■ **WHAT NEEDS TO BE DONE**
Each entry should be set down again verbatim, with the images omitted.

■ **Short descriptive text snippets**
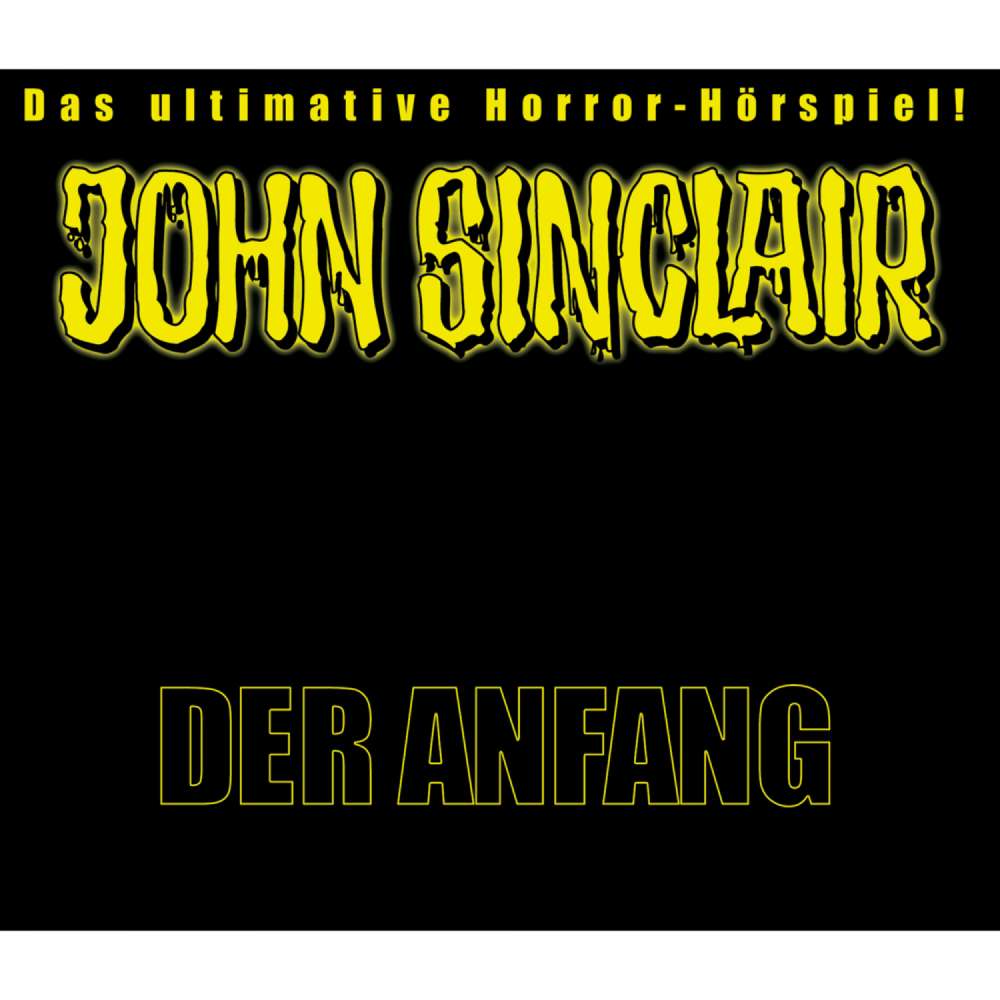 Cover von John Sinclair - Sonderedition 1 - Der Anfang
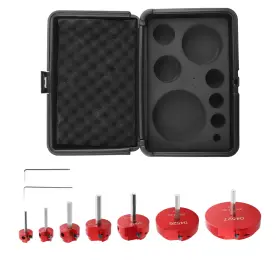 0xiwqk Bfo 7pcs Pvc Socket Saver Set For Sch40 Abs Cpvc Fit Standard 1/2 Inch Drill 0xiwqk Bfo 7pcs Pvc Socket Saver Set For Sch40 Abs Cpvc Fit Standard 1/2 Inch Drill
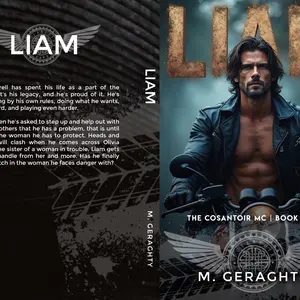 Liam The Cosantoir Chronicles Book 3 Signed Paperback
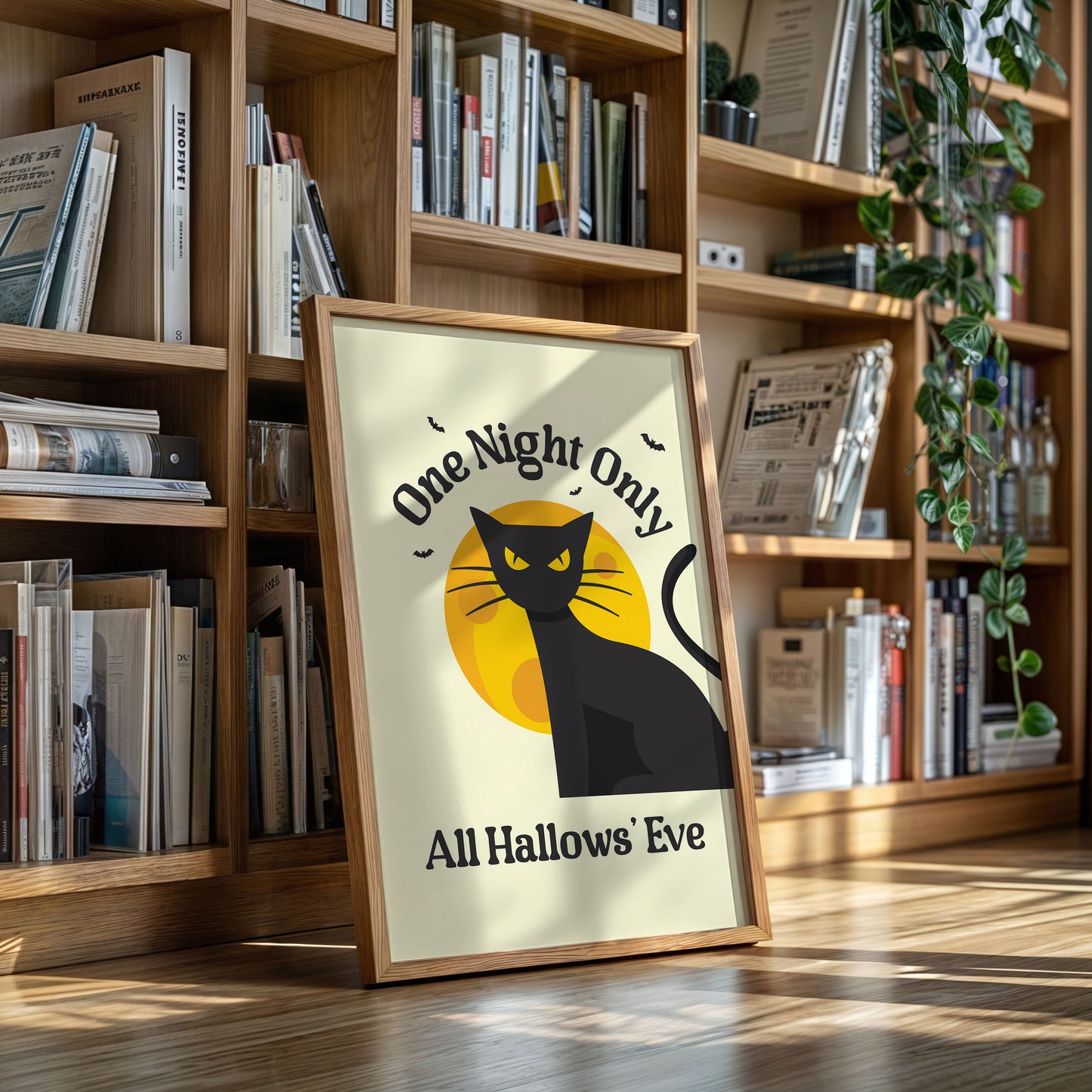 Moonlit Tales From A Black Cat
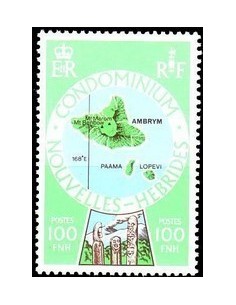 Nouvelles Hebrides N° 505 N*
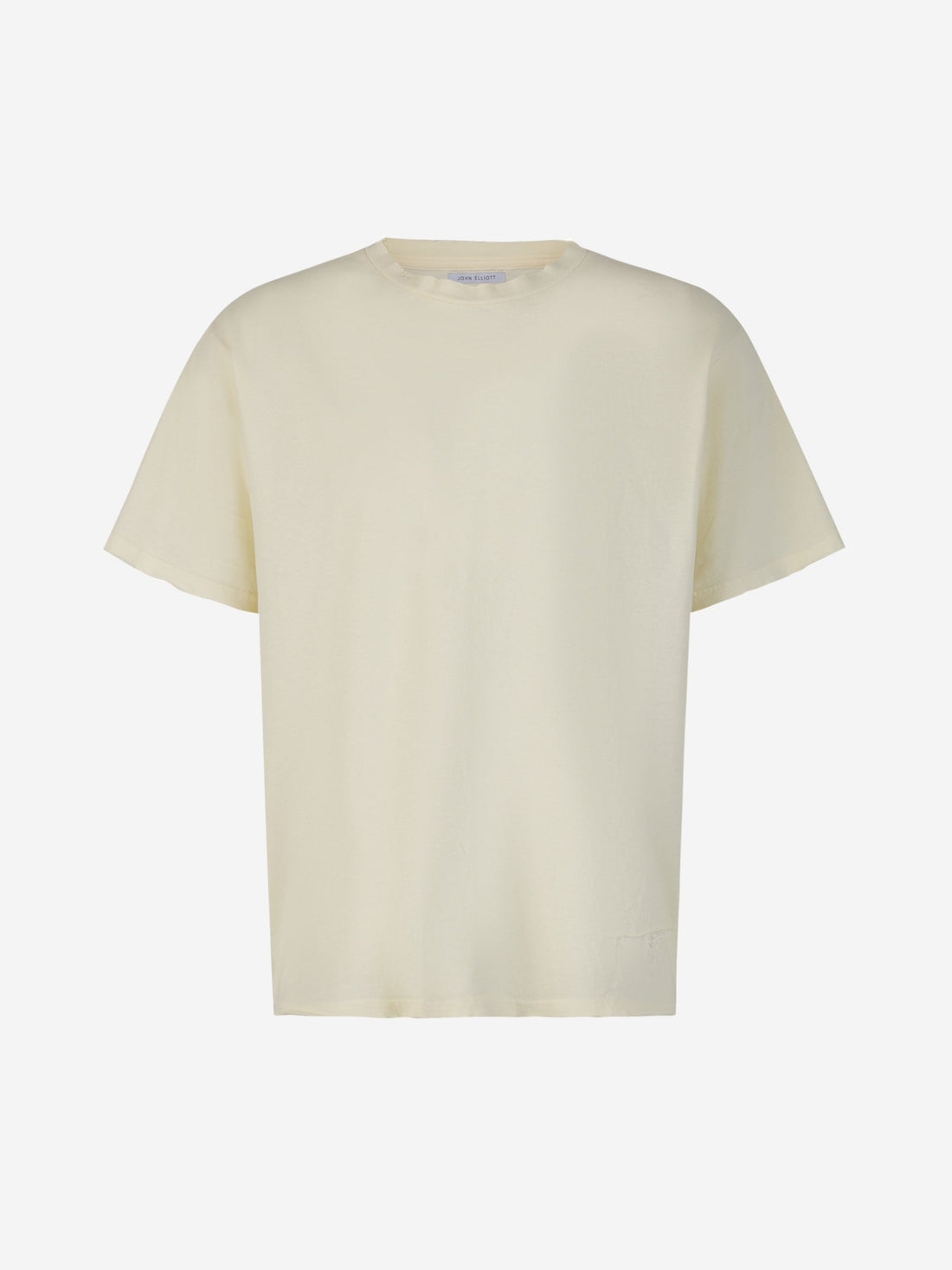 John Elliott Camiseta Algodón Folsom color Amarillo sku 553-003447 00 - Foto 1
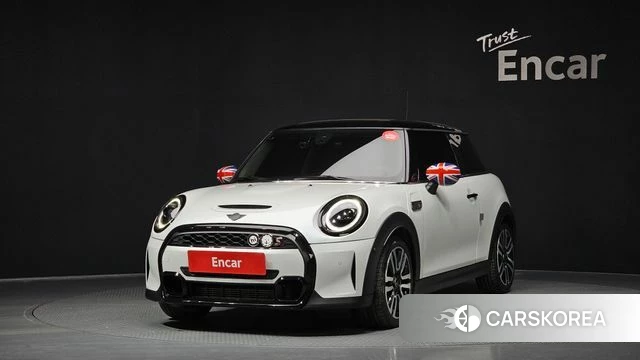 Mini Cooper S 2023 Белый из Кореи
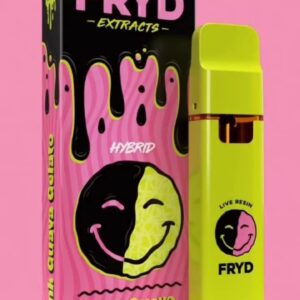 PINK GUAVA GELATO FRYD CARTS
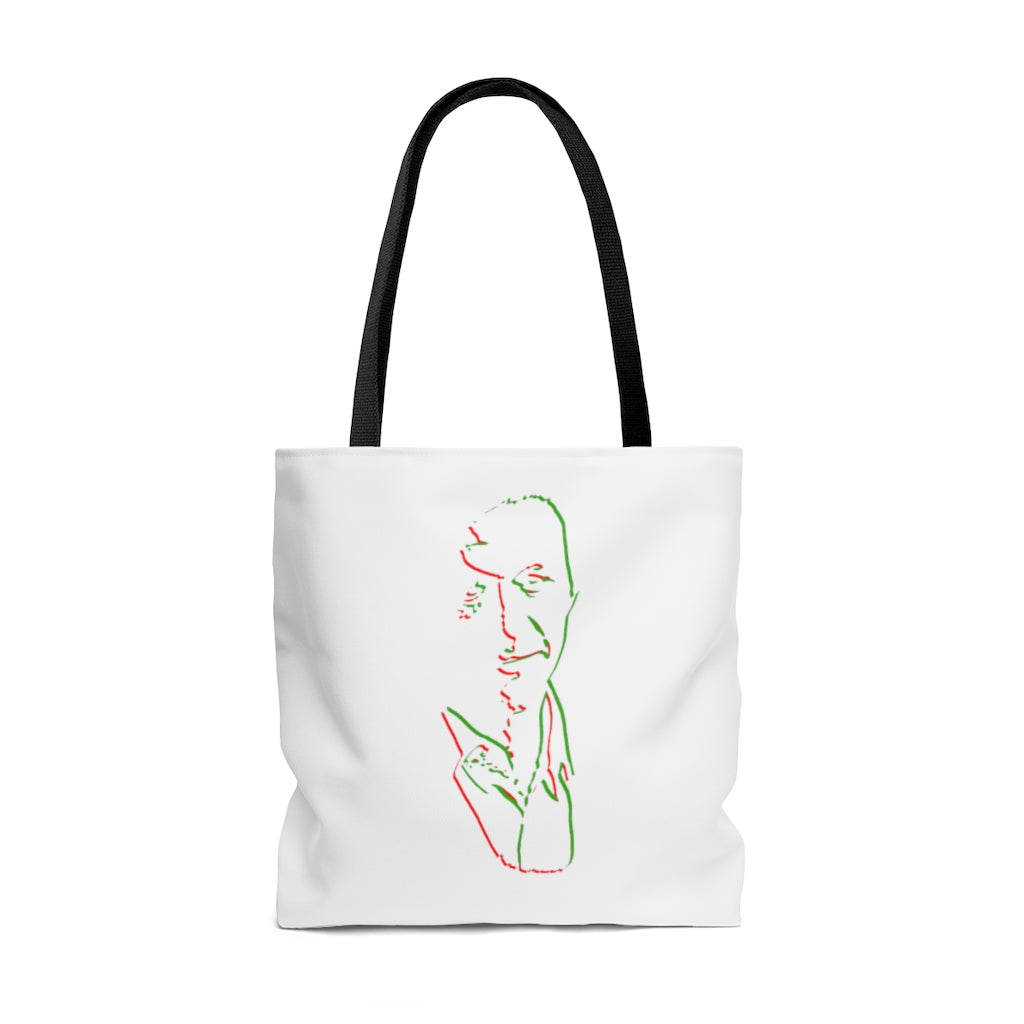 Imran Khan Tote Bag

■ **EXERCISE RESULT**
 Cover von John Sinclair - Sonderedition 1 - Der Anfang
 0xiwqk Bfo 7pcs Pvc Socket Saver Set For Sch40 Abs Cpvc Fit Standard 1/2 Inch Drill 0xiwqk Bfo 7pcs Pvc Socket Saver Set For Sch40 Abs Cpvc Fit Standard 1/2 Inch Drill
 Liam The Cosantoir Chronicles Book 3 Signed Paperback
 Moonlit Tales From A Black Cat
 Nouvelles Hebrides N° 505 N*
 John Elliott Camiseta Algodón Folsom color Amarillo sku 553-003447 00 - Foto 1
 Mini Cooper S 2023 Белый из Кореи
 PINK GUAVA GELATO FRYD CARTS
 Imran Khan Tote Bag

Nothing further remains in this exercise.